Abortion laws allow terminations up to certain stages of embryonic development. The reason is that the embryo looks more like a person after these stages than before. There can be no other reasons because there is no other change in the embryo before and after the legal limits. Then, of course, a newly generated embryo is so much unlike a developed human being that the same argument applies. This is very unscientific.

I really wonder that such a superficial approach is allowed to go unchecked in this age that has seen and continues to see so much progress in the discovery of underlying layers of understanding of the fabric of the universe. I suspect that, for some scientists, the question “When does a human being begin to exist?” is not answered considering only the scientific evidence. They also include in their argument a battery of social issues.
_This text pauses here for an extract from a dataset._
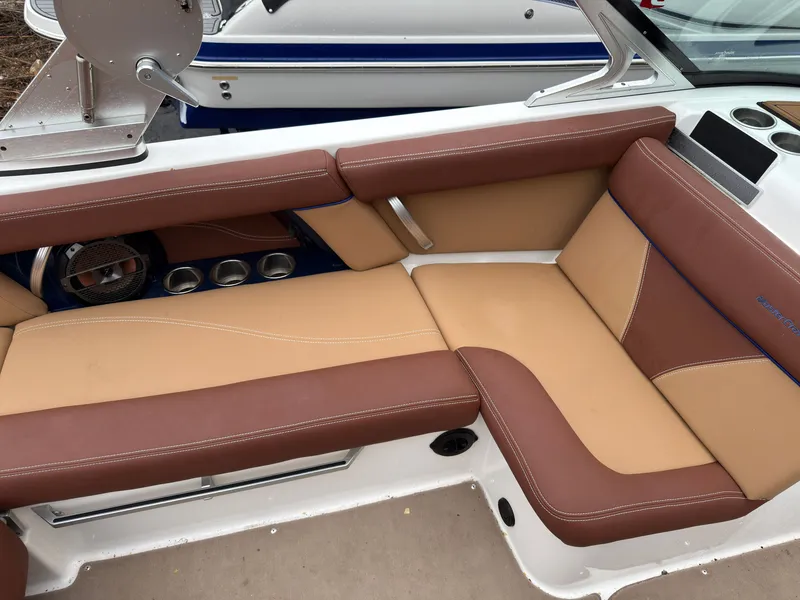 Slide: The Image of Interior of a 2018 MasterCraft XT 20 boat with brown leather seats. - 7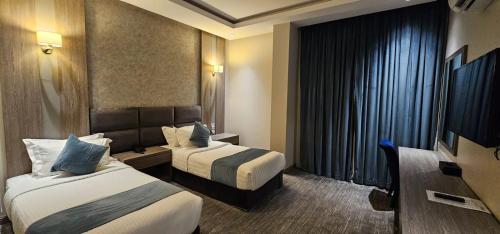 فندق ليان بارك Lian Park Hotel في الخبر: غرفة فندقية بسريرين وتلفزيون بشاشة مسطحة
It is argued in support of CRISPR, for example, that the embryos used in the gene editing experiments will be donated by couples having IVF treatment, as though their co-operation removed a major ethical obstacle. Of course, this question has implications that affect both individuals and society in the most vivid ways. However, to allow social arguments to take over the investigation of the nature of the human embryo is also a very unscientific approach. It amounts to using opinion surveys to advance nuclear physics, or any other branch of science. This is not the way forward either for science or for society to benefit from the knowledge that science provides.

Research with human embryos is producing knowledge and human beings will benefit from it. But there is a scientific lie lurking in the middle of the whole business. After all, science is not just knowledge; it is also power. Let science be just slightly manipulated here and there, using pressure from political parties or lobbies, and what a powerful means for financial and political hegemony it becomes. And how hard for the scientist to resist the temptation of riding the huge wave that the slight manipulation will create.

Javier Cuadros is an earth scientist working in London.